Please restate the data below word for word, omitting all images.

++++ Exercise data

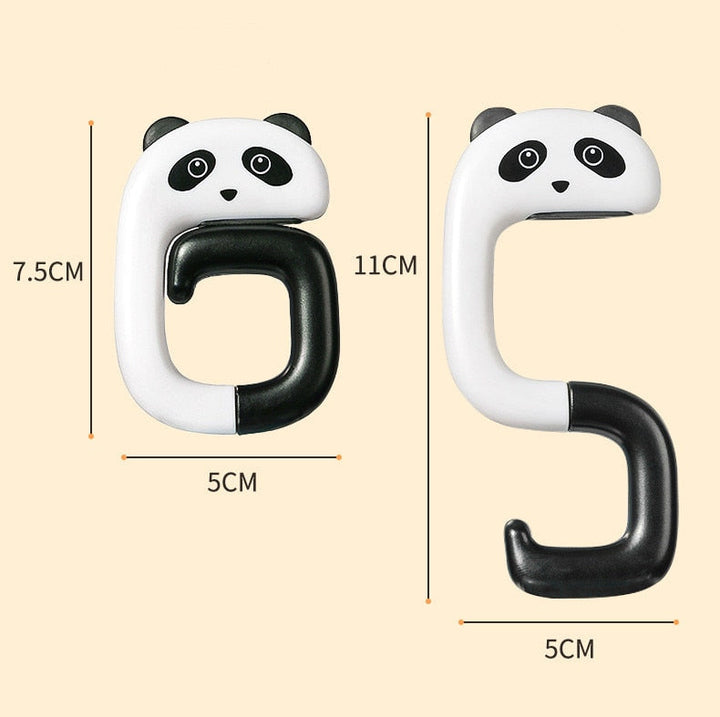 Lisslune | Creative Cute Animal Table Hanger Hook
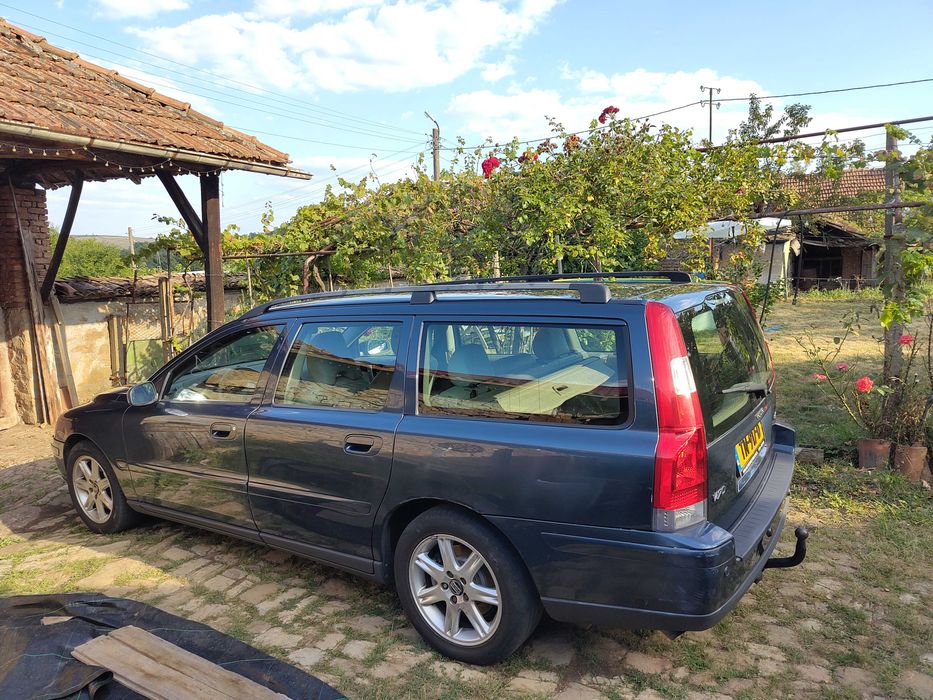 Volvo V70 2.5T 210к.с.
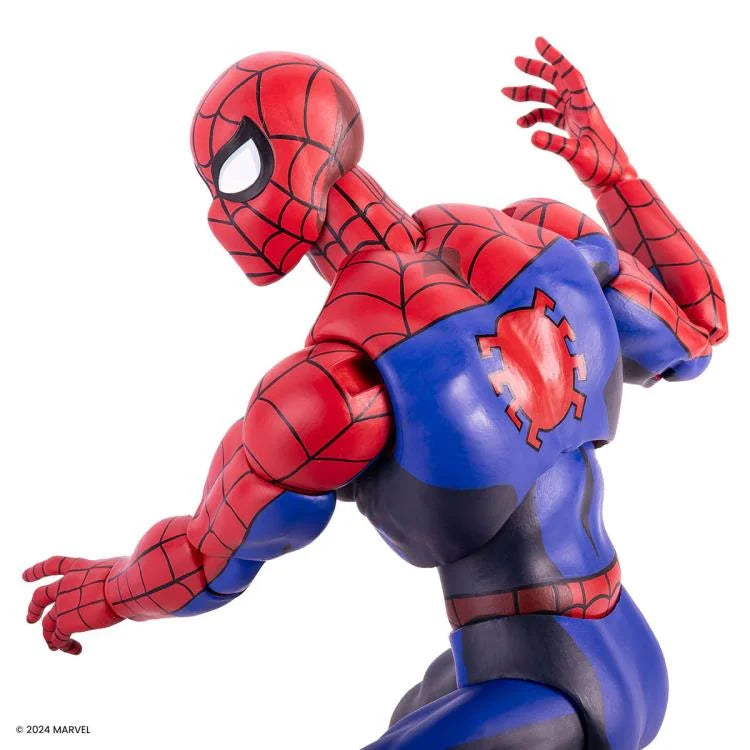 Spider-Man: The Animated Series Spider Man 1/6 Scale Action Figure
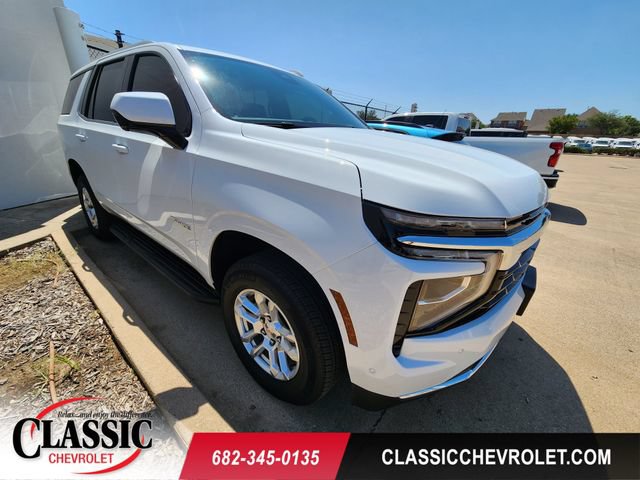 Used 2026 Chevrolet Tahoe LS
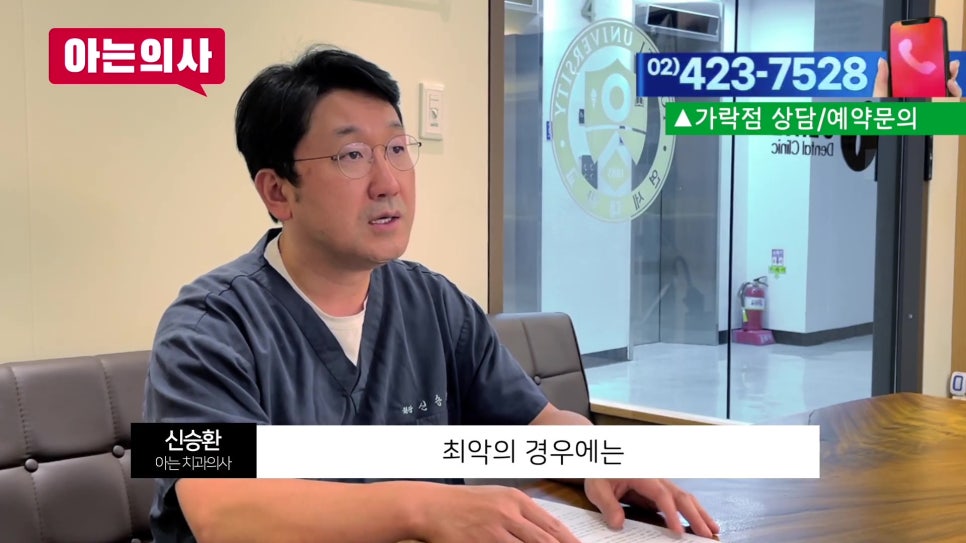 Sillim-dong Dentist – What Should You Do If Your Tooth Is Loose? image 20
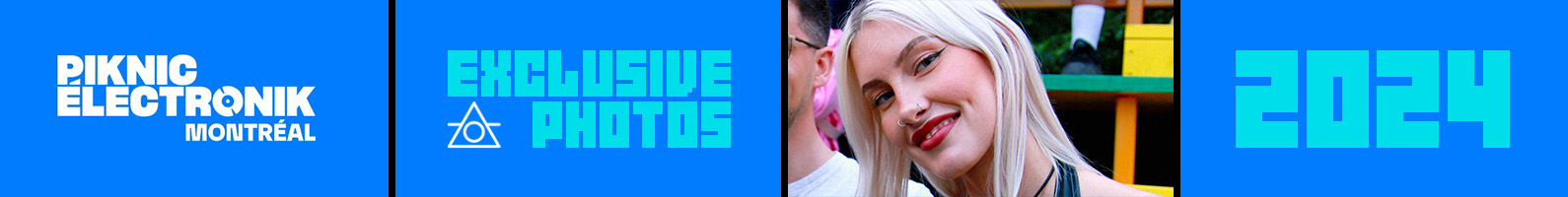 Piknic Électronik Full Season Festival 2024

++++++++

- Solution for this exercise
 Lisslune | Creative Cute Animal Table Hanger Hook
 Volvo V70 2.5T 210к.с.
 Spider-Man: The Animated Series Spider Man 1/6 Scale Action Figure
 Used 2026 Chevrolet Tahoe LS
 Sillim-dong Dentist – What Should You Do If Your Tooth Is Loose? image 20
 Piknic Électronik Full Season Festival 2024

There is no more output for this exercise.